According to the LA Conservancy, the police headquarters building at 207 N. Garfield Avenue was designed and built in 1990, in a project overseen by self-described “modern traditionalist” Robert A. M. Stern. The building was “intended to complement the historic feeling of Pasadena’s civic center.”
Stern was told to create something that expressed the formidable quality of law and also invited people into the building, according to the conservancy site.
City officials wanted something different from the bunker-like police stations of the 1970s and ’80s. Stern interpreted their desires by creating a building that directly referenced the magnificent 1920s and 1930s buildings of the civic center,” said the conservancy.
Renovations to the building are estimated to cost $3 million over three years. $900,000 of that amount is expected to be paid by the City’s Asset Forfeitures account. The City also made asset forfeiture funds available to local nonprofits last year for the current year through 2022.
According to the presentation by Commander Jason Clawson, the Police Department is in need of an interior remodel to the majority of its office spaces and public areas. The remodel supports the department’s reorganization and will be the first major facility upgrade in the 30 year life of the building.
The Police Department remodel will safeguard both patrons and employees, modernize the workspace, create an open floor plan, improve recruitment and retention, increase productivity and team collaboration, and accommodate the emergent upgrade of technology.
As Clausen told the committee, the original floorplan of the building met the needs of the organization in the late 1980s but no longer serves the current needs of the department or the community.
“The expansion of technology as well as the current department reorganization has caused the need for outdated systems to be replaced and/or refurbished,” said Clausen.
A Property Condition Assessment was conducted in November 2017 identifying immediate needs of the facilities’ physical conditions, structural integrity, safety concerns as well as electrical and mechanical deficiencies.

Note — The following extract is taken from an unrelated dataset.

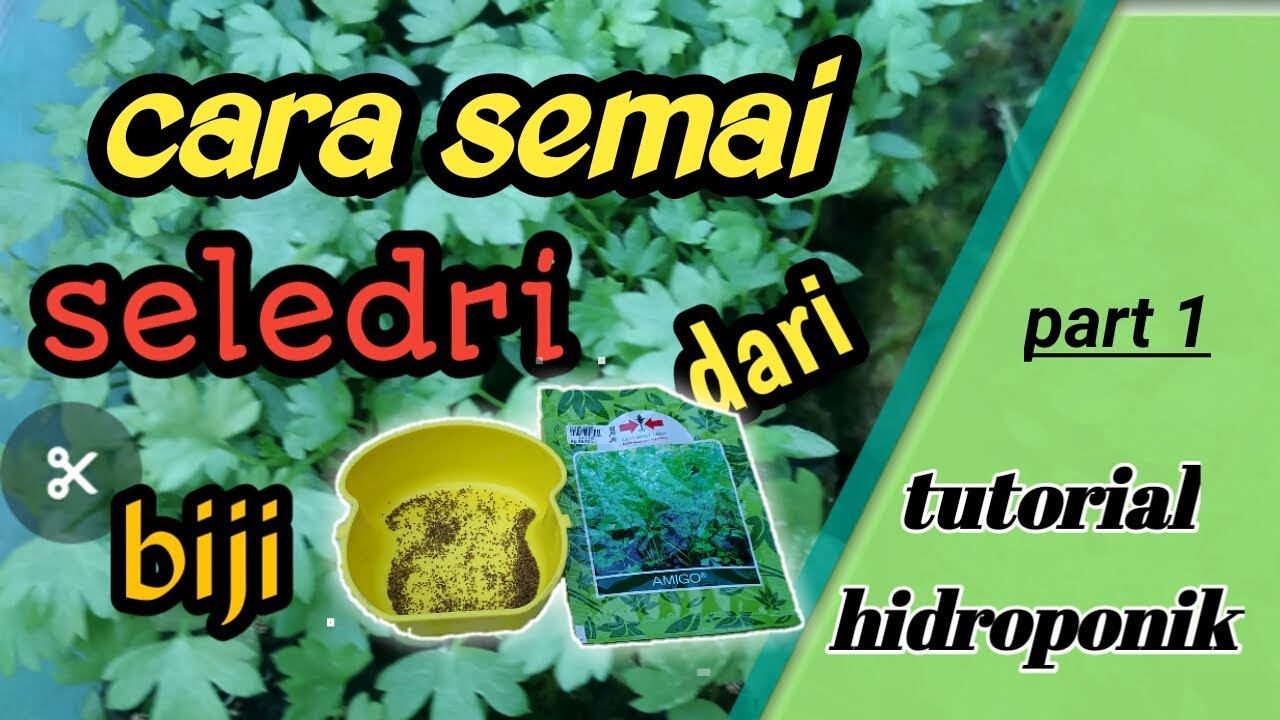 Cara menyemai seledri dari biji agar cepat tumbuh,part 1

There is also an operational need to open the Grand Lobby, and keep it open for longer hours to create a secure environment for community and employees, said the presentation.
The project also includes plans to move the records department to the northeast corner of the building allowing access to the lobby for servicing the community, allowing more people to enter the building to communicate with the department.
Elevator structures in the building were installed in 1989 and are in need of a full modernization to the motorized system versus hydraulics. Several incidents of elevator emergencies have been incurred by city employees. Police Chief John Perez, in fact, noted that on more than occasion over the last few years, police employees have been stuck in the elevator, including police command staff.
There will be no structural redesign or demolition, or changes to the building foundations, according to the presentation. Additional work may include painting, concrete repair, floorboards, doors, electrical fixtures, millwork and countertops, plumbing, fire safety systems, kitchen installation.
The project would also include a technology upgrade of cellular and local area network connections.
The remodel would cover 17,770 SF of office space, and include office furnishings, window treatments, ground flooring, paint and drywall repair, updated wiring and IT connections, electrical engineering , existing ducting and plumbing, space conversions, and light construction.
The project will now move into the preparation of plans and specifications work phase. Plans will then need to be finalized and prepared for the public bid phase, and then advertised to local contractors
Once bids are received they will be analyzed, with the project awarded to the lowest bidder. City Council would then vote on approvals for contracts, and then the construction phase would begin.